Similar to above, if you want to allow sending the response back to the user, but with a warning, you have to set the $hallucination_warning context variable to True.

define flow
  user ask about people
  $hallucination_warning = True
  bot respond about people

To override the default message, include the following in one of your Colang files:

define bot inform answer prone to hallucination
  "The previous answer is prone to hallucination and may not be accurate."

Usage in combination with a custom RAG#

Hallucination-checking also works in a custom RAG implementation based on a custom action:

define flow answer report question
  user ...
  $answer = execute rag()
  $check_hallucination = True
  bot $answer

Please refer to the Custom RAG Output Rails example.

Implementation Details#

The implementation for the self-check hallucination rail uses a slight variation of the SelfCheckGPT paper:

  1. First, sample several extra responses from the LLM (by default, two extra responses).

  2. Use the LLM to check if the original and extra responses are consistent.

Similar to the self-check fact-checking, we formulate the consistency checking similar to an NLI task with the original bot response as the hypothesis ({{ statement }}) and the extra generated responses as the context or evidence ({{ paragraph }}).

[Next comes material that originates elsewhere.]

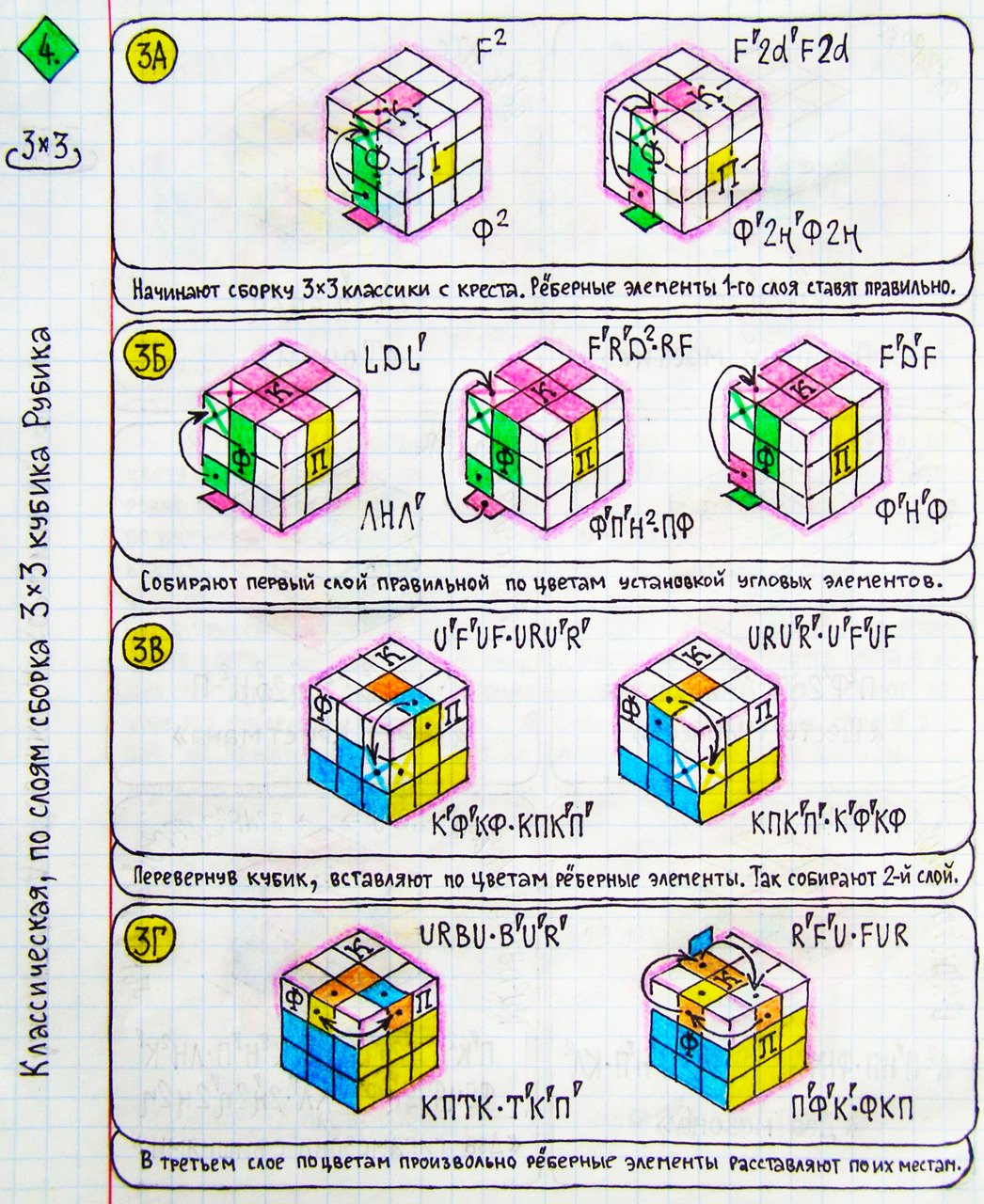 Схемы алгоритмы для кубика Рубика 3х3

AlignScore-based Fact-Checking#

The NeMo Guardrails library provides out-of-the-box support for the AlignScore metric (Zha et al.), which uses a RoBERTa-based model for scoring factual consistency in model responses with respect to the knowledge base.

Example usage#

rails:
  config:
    fact_checking:
      parameters:
        # Point to a running instance of the AlignScore server
        endpoint: "http://localhost:5000/alignscore_large"

  output:
    flows:
      - alignscore check facts

For more details, check out the AlignScore Integration page.

Patronus Lynx-based RAG Hallucination Detection#

The NeMo Guardrails library supports hallucination detection in RAG systems using Patronus AI’s Lynx model. The model is hosted on Hugging Face and comes in both a 70B parameters (see here) and 8B parameters (see here) variant.

Example usage#

rails:
  output:
    flows:
      - patronus lynx check output hallucination

For more details, check out the Patronus Lynx Integration page.